A great Multivariable Calculus problem

Today I gave my multivariable calculus class a problem — a problem I give every year, that I found… somewhere. Maybe MIT, maybe an Exeter problem set, maybe a textbook. And if you ever want to see kids work together, and do some good problem solving, this is a prime problem for that.

Up to now, we’ve been working on vectors — and they learned vector basics (read: dot product and cross product). Here’s the question.

You have any tetrahedron. Sticking outwards from each face, orthogonal to each face, is a vector with magnitude equal to the area of face it is sticking out of. Prove that if you add these four vectors together, they sum to the zero vector.

It’s such a beautiful problem. I don’t have a totally geometric way to explain why this is true (we do lots of good vector algebra), but I do enjoy watching everything all come together. To me, it almost works like magic.

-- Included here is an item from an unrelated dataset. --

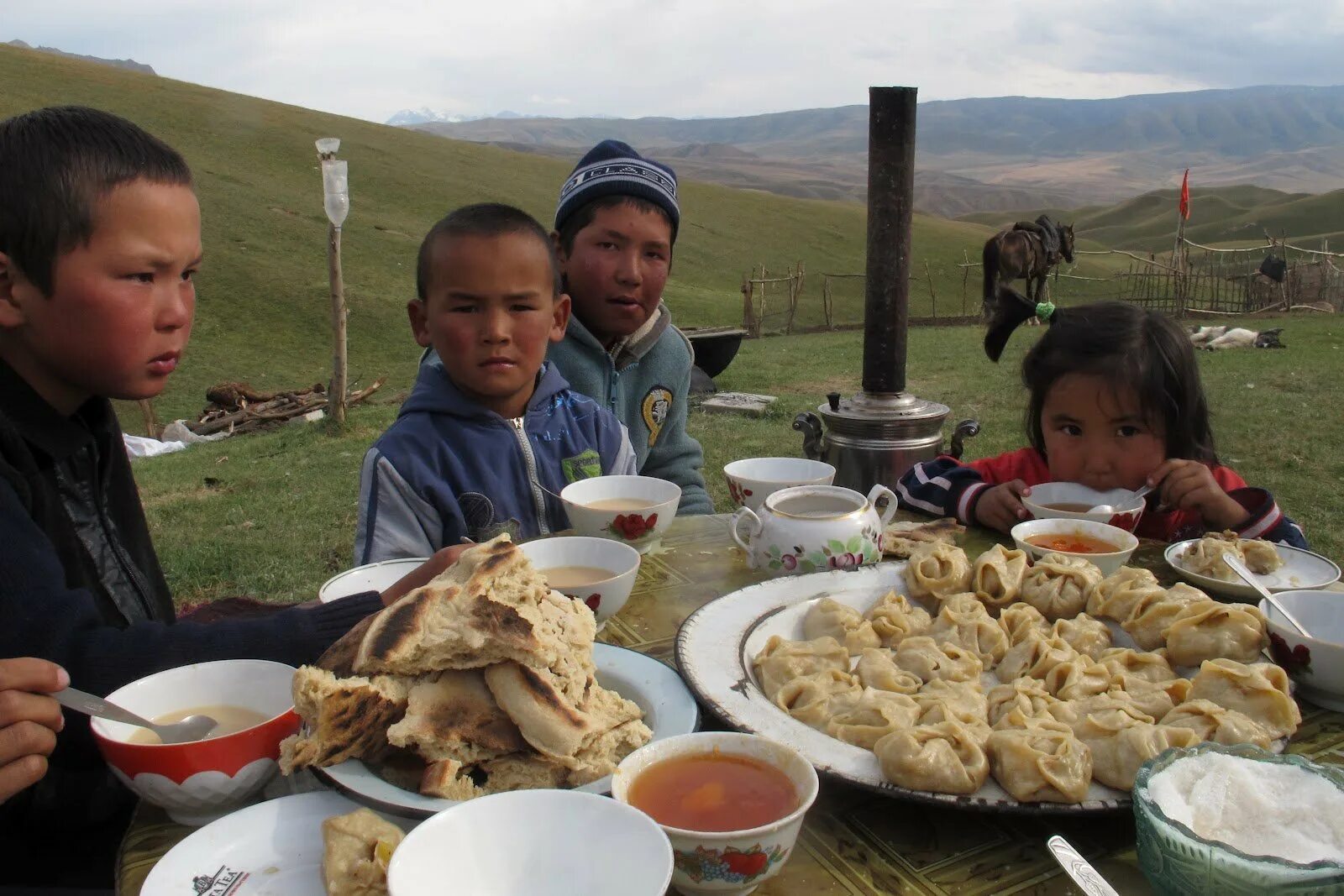 Казах читы. Воспитание детей у казахов. Казахское воспитание. Что едят казахи. Шала-казахи.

I then had a student ask an amazing extension question. (If they’re asking extension questions, you know it’s a rich problem.) He said: “Will this always work for any polyhedra? What about figures involving faces which aren’t triangles?” I, of course, decided I loved the problem. And I desperately want him to work on this for his final project.

I love the idea of this student taking this problem and seeing how far he can run with it. I mean: hello, gluing tetrahedrons together! (I expect him to make some stick models, if he does it!)

16 comments

  1. I don’t know about totally geometric way either, but there’s a simple physical argument which explains why this must be true. Imagine a rigid polyhedron (convex or not, it doesn’t matter) filled with some gas under pressure. The gas exerts a force on each face, and this force acts perpendicular to the face and is proportional to its area (think “PSI”). If the vector sum of those forces was nonzero, the polyhedron would float away in the direction of the net force.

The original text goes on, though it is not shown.